The library board also is satisfied that the turbulence tied to Lansdale is a thing of the past, board president Jerry Beasley said.
"We have not had any further demands for attention to this issue," he said. "As far as the board is concerned, we're past that conflict."
In January, retired librarian Sandy Robey gave the board a packet of anonymous complaints from staff members about the board and Lansdale's management style. And former library assistant director Barbara Nowinski, who retired late last year, said in a December 2010 letter to the board that Lansdale micromanaged and demoralized staff, among other things.

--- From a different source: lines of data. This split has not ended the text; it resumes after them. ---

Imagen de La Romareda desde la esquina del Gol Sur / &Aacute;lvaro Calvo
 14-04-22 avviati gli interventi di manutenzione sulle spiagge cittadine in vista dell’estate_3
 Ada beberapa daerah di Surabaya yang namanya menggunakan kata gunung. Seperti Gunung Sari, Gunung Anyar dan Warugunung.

After the February meeting, the board commissioned a survey to gauge employee morale, among other items. Some employees weren't satisfied with Lansdale, their coworkers or other issues, the survey showed, but the level of discontent didn't alarm the board.
The board ultimately backed Lansdale, though board members acknowledged she might need to alter the manner in which she deals with employees.
Although it was a relatively tense few months, Beasley is glad the issue was addressed.
"It was stressful for everyone, for the people up front, for the board, and for Metta, certainly. ... It was worth it to go through that process. It was as public as we could possibly make it, and it really helped to calm feelings," Beasley said.
Things aren't all rosy with the district's employees, some say, but employees contacted by the Record-Eagle did not want to be quoted for this story.
It's possible there still may be legal action tied to Lansdale. She drew criticism from some employees and library supporters in January when she fired Margaret Kelly, the library's longtime director of adult services.
Kelly requested mediation after her firing, said her attorney, Jay Zelenock. That process is completed, and a lawsuit could be filed soon if an agreeable settlement isn't reached, he said.